What will it take to get you motivated? I'm not even sure I can always answer that question myself. But let me close with a thought from Hope Clark's Funds for Writers newsletter this week:
What will it take?
"I don't care if you want to be a writer or a plumber, a doctor or a teacher. You need to establish your path and lay out benchmarks to reach those personal goals. The television, the movie and the dust mop can go to hell.
The only time you have is now."
Saturday, October 10, 2009
Why? Well, because it tastes good dipped in milk.
Okay, not really. But I like to do the crossword puzzle every morning to get my day started. It's roughly the equivalent of that first stretch of the morning. It gets the juices flowing and shakes loose the stiff spots. Trying to make the connections the puzzle maker assumes I'll be able to loosens up the mental pathways as sometimes the clues have the expected answers and sometimes you have to think in a totally different direction. Usually the puzzle has an overall theme and the major clues will all link back to that one premise. It's almost like bullet point plotting.
What do you do to get your mental processes shaken into working order? It might be worth remembering that sometimes, the pen is mightier than the spoon.
Wednesday, October 7, 2009
Figured out a simple green "recipe" that I really like, and experimented with some textures and shapes at the same time. But even more exciting for me is a fourth painting that's not turning out at all like I expected. Just like a story can take you to unexpected places, the painting has as well.

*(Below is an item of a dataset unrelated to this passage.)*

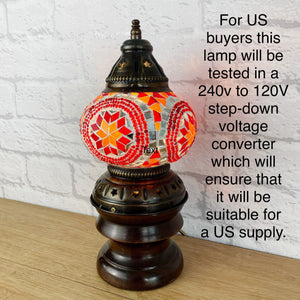 Moroccan Lamp, Moroccan Lantern, Red Lamp, Moroccan Decor, Vintage Home Decor, Quirky Decor, Quirky Gift, Colourful Decor, Mosaic Glass Lamp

Abstract art is always fascinating because though it can speak volumes, it always seems to speak a different language to different people. Our connections to colors, to emotions, to shapes all contribute to the "appeal" of an abstract piece. It reminds me of a passage I recently read:
... The third picture was my picture. There wasn't really much to it, if you know what I mean. It was -- how can I describe it? It was kind of simple. A lot of space in it and a few great widening circles all round each other, if you can put it that way. All in different colors -- odd colors that you wouldn't expect. And here and there, there were sketchy bits of color that didn't seem to mean anything. Only somehow they did mean something! ... All I can say is that one wanted terribly to go on looking at it. (from Endless Night by Agatha Christie)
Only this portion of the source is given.